Questions about mock microbiome data sets

Hi QIIME2 support,

We want to use some ground-truth mock micobiome data sets to test our internal pipeline. The one we found is mockrobiota in github from your group. But when I use that, I found some issues when running using QIIME2. For mock-8 data sets, I generate qzv file. It has “Some of the PHRED quality values are out of range” issue. It also has some error issues by using those mock data set.

But in general, do you think this data source is best mock data set to test based on QIIME2? We will be appreciated if we can get more information about that.

Thanks,
Yunhu Wan

Hi @mentorwan,
Welcome back to the forum!

@Nicholas_Bokulich would obviously be the best person to answer this question for you, however as I believe he is away till next week, I’ll take a crack at this.
From the mockrobiota github page: a note on the description of this dataset:

Note: These barcode reads contain golay barcodes, and the mapping barcodes need to be reverse-complemented to match the reads. Run in qiime-1 using the following command: split_libraries_fastq.py -i mock-forward-read.fastq.gz -o split_libraries -m sample-metadata.tsv -b mock-index-read.fastq.gz --rev_comp_mapping_barcodes

The original QUAL scores for the index/barcode reads were not recovered, and thus mock-index-read.fastq.gz contains artificial index/barcode QUAL scores. QUAL scores from all other files are original.

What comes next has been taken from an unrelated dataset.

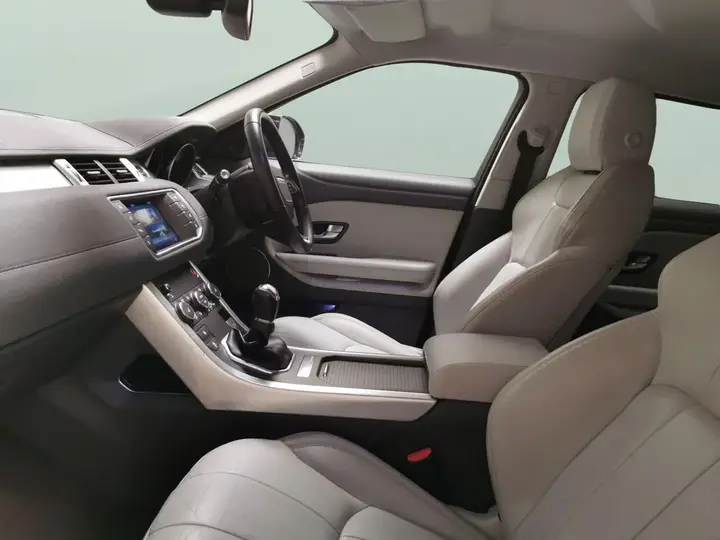 Land Rover Range Rover Evoque 2019 photo 4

Sounds like maybe these artificial qual-scores is the issue. You can either use a different community or change these quality scores to something else, or perhaps even easier, use the older phred score variant settings in your import command: PairedEndFastqManifestPhred64V2.

Regarding your other question about whether these are good data sets to use in qiime2, Nick can answer more in detail when he is back in office.

1 Like

Thanks for quick response. I believe I used the correct command. Attach qzv I generated. You can see if you click quality plot, it will have PHREAD error. Also It seems that my number matches the following thread https://github.com/caporaso-lab/mockrobiota/issues/59. For this data set, it seems reverse reads have low qualities. I think most demultiplexed reads are generated from forward reads.

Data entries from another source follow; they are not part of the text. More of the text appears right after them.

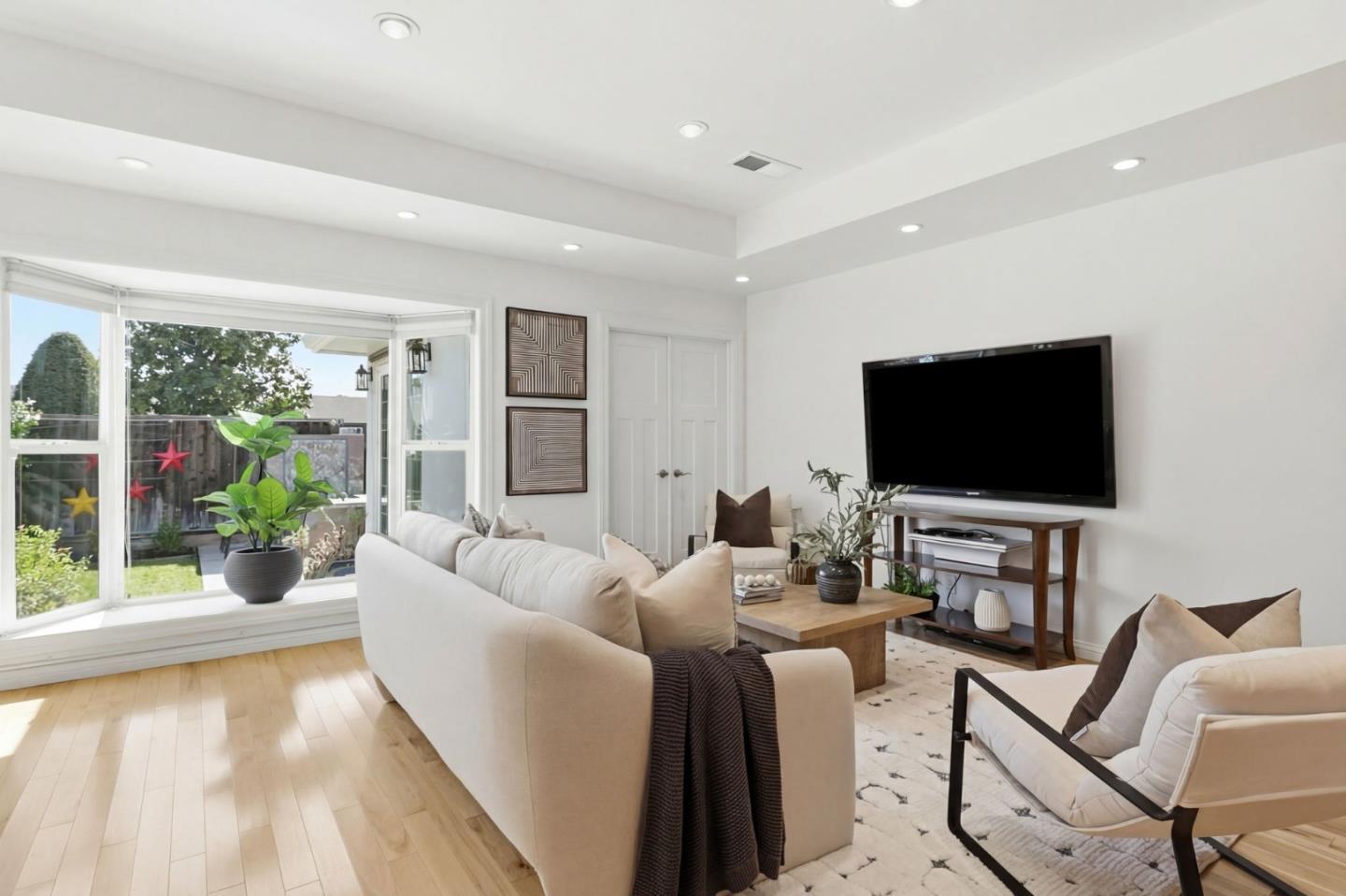 Detail Gallery Image 23 of 64 For 2949-2951 Driftwood Dr, San Jose,  CA 95128 - 6 Beds | 5 Baths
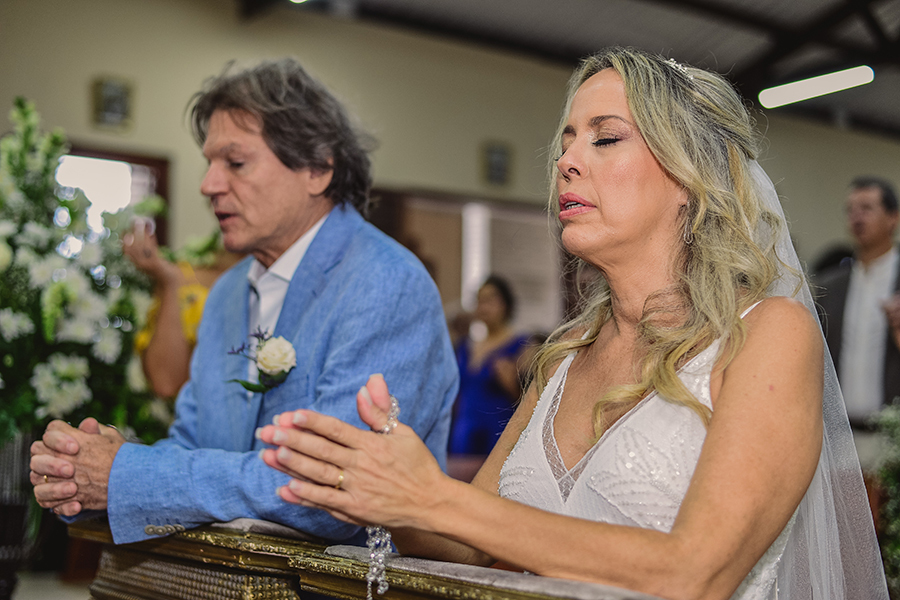 comunhão dos noivos  no casamento na Capela Santa Teresinha na praia do futuro em Fortaleza - Ceará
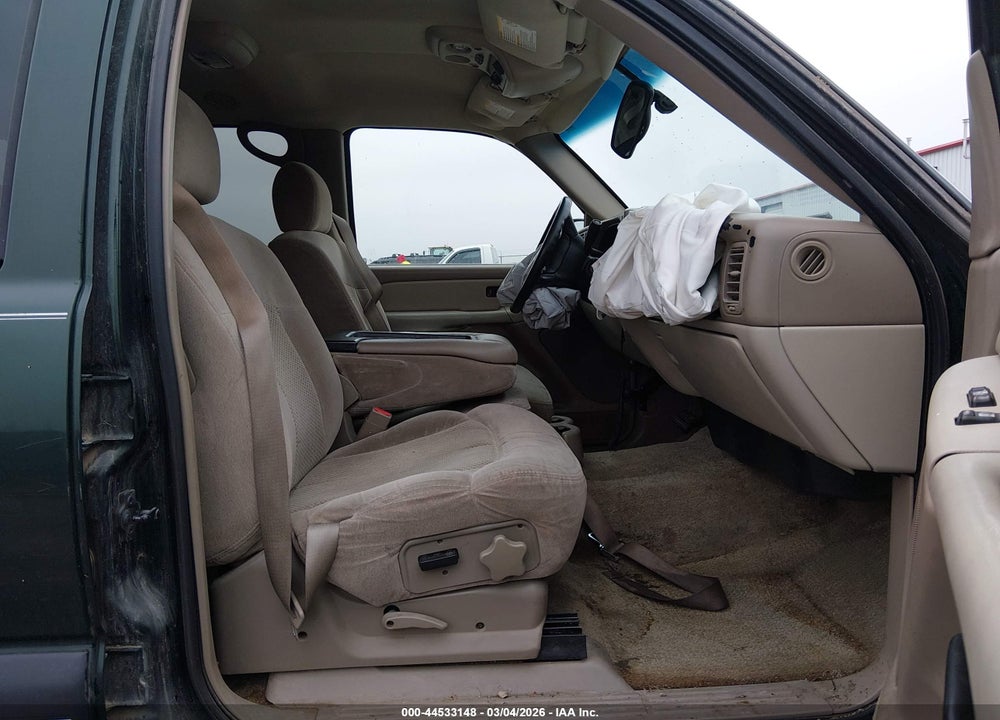 2002 CHEVROLET TAHOE LS VIN: 1GNEC13V62R327325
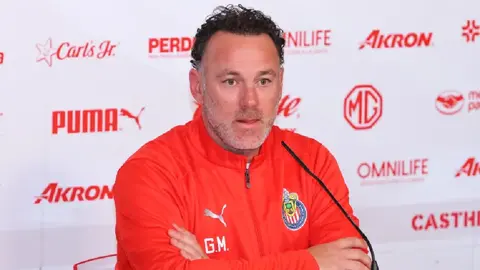 ‘No interesa el cuándo sino el cómo’: Milito sobre la titularidad de Efraín Álvarez con Chivas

We can wait @Nicholas_Bokulich’s answers. The most important question for us is that are there a good mock data sets (paired end processed by QIIME2) we can use. I think each data may have their own unique issues. If someone in your group has some insights about that, it will be hugely appreciated.demux.qzv (294.0 KB)

Hi @mentorwan,

It sounds like these have the wrong PHRED encoding, as @Mehrbod_Estaki mentioned (only the barcodes have artificial qual scores so that is not the issue, but the encoding is). It is not your fault — you are using the correct command but right now the EMP format does not have a way to select the Phred encoding, and it just assumes that you are using Phred33 (Phred64 is an old encoding! mock-8 is a very old dataset). If you want to use mock-8, see the workaround described here:

For all benchmarking it is best to use multiple datasets so that you aren’t overfitting on a single dataset or single mock community. So there is no “best”, but I can offer some advice. The smaller the number, the older the dataset… so try mock-16 through mock-23, these are more up-to-date 16S datasets (i.e., more “modern” read lengths, and probably Phred64 but don’t know off-hand).

Some of the older datasets are very useful, and e.g., mock-3 is very small so it is useful for setting up a test pipeline quickly, but older datasets can have issues with obsolete data formats as you have discovered.

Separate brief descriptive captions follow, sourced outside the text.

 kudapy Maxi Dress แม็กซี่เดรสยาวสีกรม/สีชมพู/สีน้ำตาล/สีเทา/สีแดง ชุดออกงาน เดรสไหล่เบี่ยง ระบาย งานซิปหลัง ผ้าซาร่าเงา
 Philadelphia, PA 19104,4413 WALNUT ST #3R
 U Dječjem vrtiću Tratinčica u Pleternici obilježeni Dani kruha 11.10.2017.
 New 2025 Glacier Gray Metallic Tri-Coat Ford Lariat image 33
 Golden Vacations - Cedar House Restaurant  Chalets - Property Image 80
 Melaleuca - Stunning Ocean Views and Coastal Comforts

If you have or find more recent mock communities please feel free to post them in mockrobiota so that others can re-use.

I hope that helps!

Thanks Nicholas for insights. Please don’t close this issue yet. I may have follow-up questions related. Thanks and Happy new year.

No worries, forum topics only close after 30 days of inactivity. I have “unqueued” meaning that moderator attention is not needed at this time — please feel free to re-post to this same topic if you have any follow-up questions or comments, and the topic will be re-queued. Happy new year.

Hi Nicholas,

Thanks for your comments above. We focus on mock-20. One of recent 16S datasets. We have tried different filtering setting which get different number sequence variants reported and number of unqiue taxonomy reported. According to you github files, you listed 20 expected taxonomy from this sample by SILVA database. We got 22 unique genus taxonomy reported based on our run.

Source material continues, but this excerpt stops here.